On Sunday Scopa chairperson Ferlon Christians said the investigation, prompted by the Auditor-General’s report into the finances at the two provincial departments, would start afresh.
Christians said: “Last week we had a meeting (as Scopa) and sent letters to the departments to brief us."
“We’re also awaiting a briefing by the A-G into its report over the billions spent on consultants. They will brief Scopa on May 7,” said Christians.
He said the probe which had started in 2014 had to be halted due to Fransman’s court challenge.
“We will sit down after the briefing from the departments, and the A-G, and we will decide who must account. I want to be fair, I don’t want to pre-empt anything,” said Christians.
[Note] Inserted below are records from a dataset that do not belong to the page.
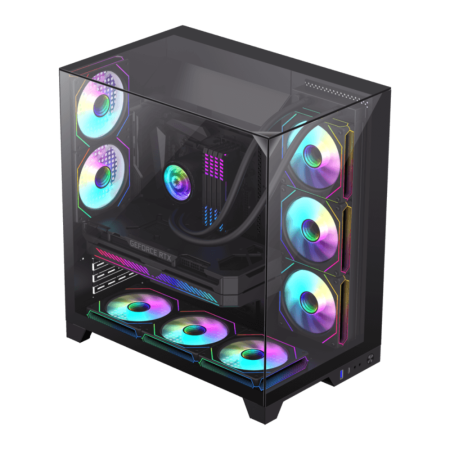Корпус GAMEMAX Infinity Plus BK (Infinity Plus BK)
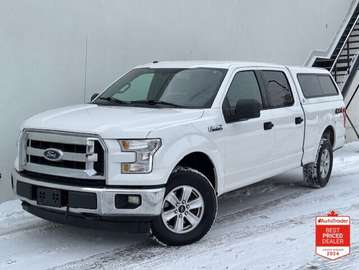 XLT 4WD SUPER CREW-CAMERA-CAP-NEW TIRES-CERTIFIED!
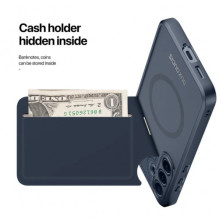 Dėklas Dux Ducis 'Rafi II Mag' skirtas Samsung S938 S25 Ultra mėlynas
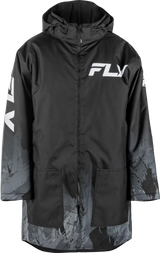 Pit Coat Black L/Xl - FLY RACING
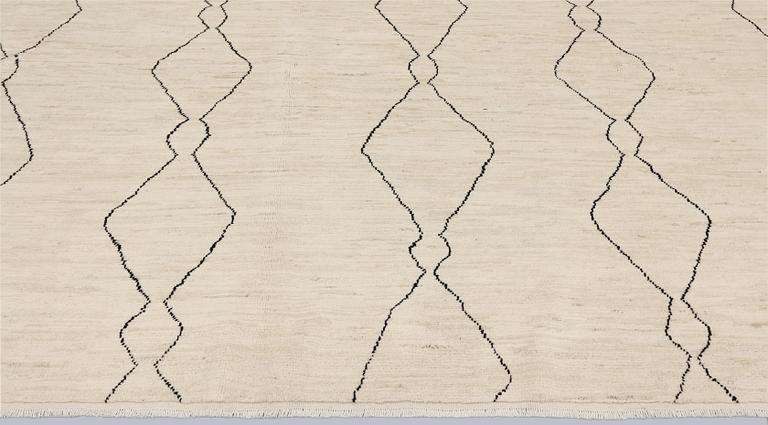 Matta, Marocko, 299 x 251 cm.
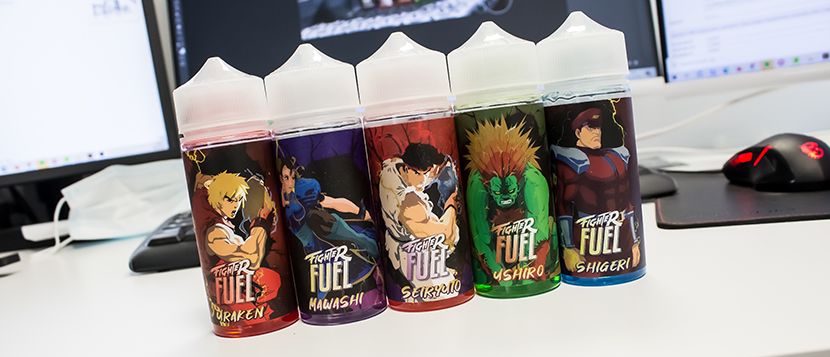 E-liquide Seiryuto 100ml - Fighter Fuel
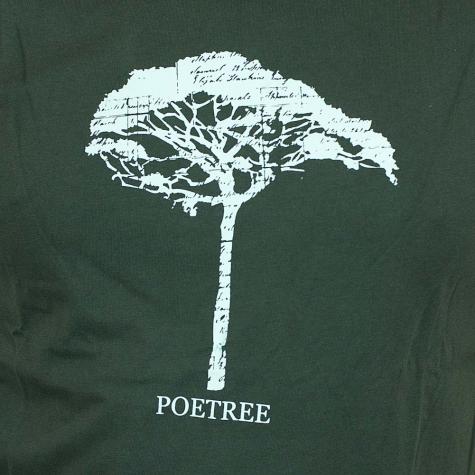 Mahagony T-Shirt Poetree grün/mint 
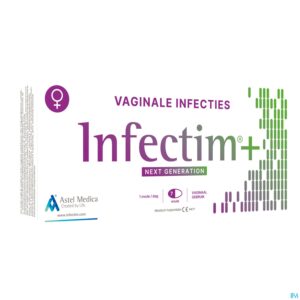 Packshot Infectim+ Vaginale Ovulen 7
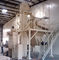 PLC-besturing Droog cementmixer Elektronisch weegsysteem met cement silo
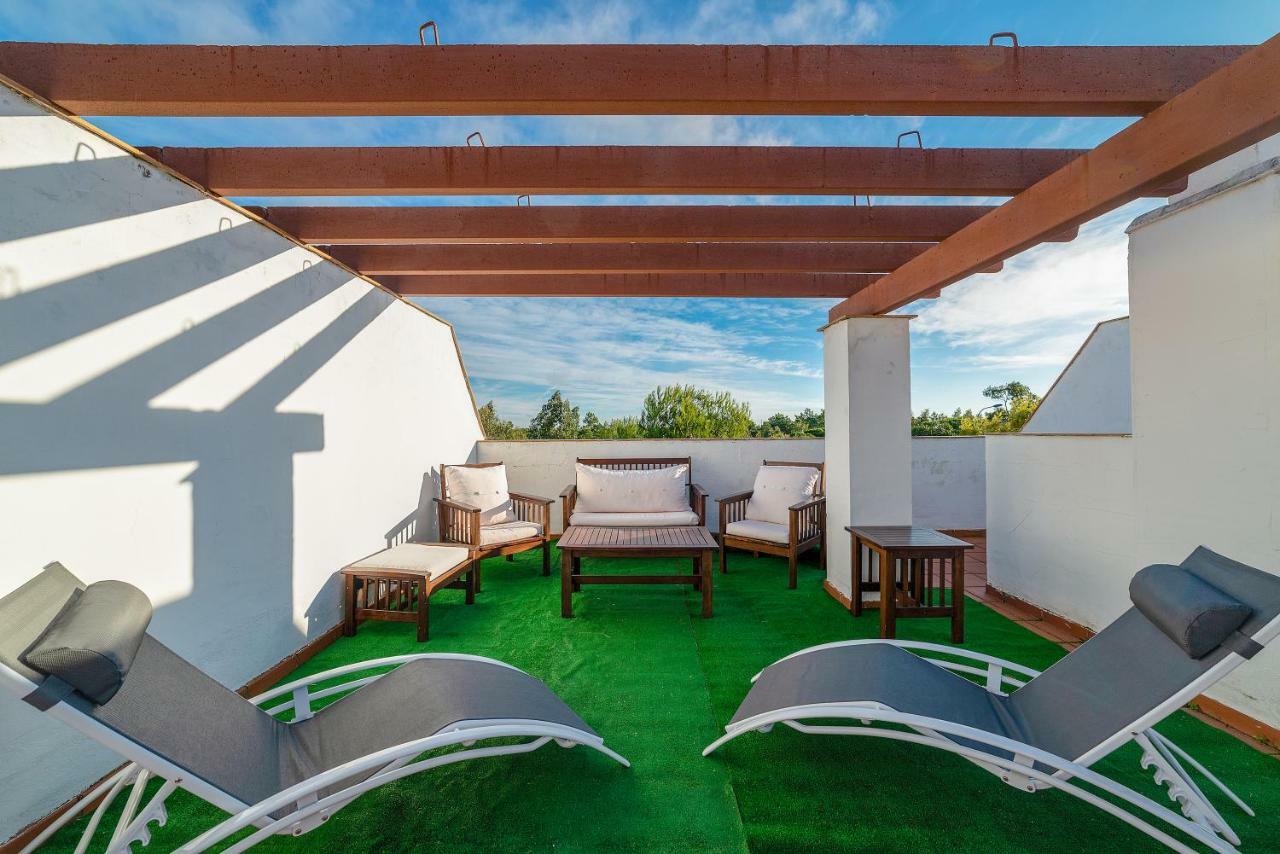 איסלה כריסטינה Apartamento En Urbanizacion Hacienda Golf Islantilla מראה חיצוני תמונה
Fransman slammed the probe.
“The irony is that Scopa must be used in an objective way I believe they should continue what they they think is right and I will respond whenever, appropriately,” said Fransman.
On Sunday night Fransman laid the blame the financial goings-on of the departments at the door of the ANC, and that whatever happened was due to the party’s policy objectives.
“We were an ANC government until 2009 and it is in that government that we have identified policy objectives. It’s easy now for people to try and throw dirt but that’s equally the right of petty politicians,” said Fransman.
Uys did not respond to calls and text messages seeking comment.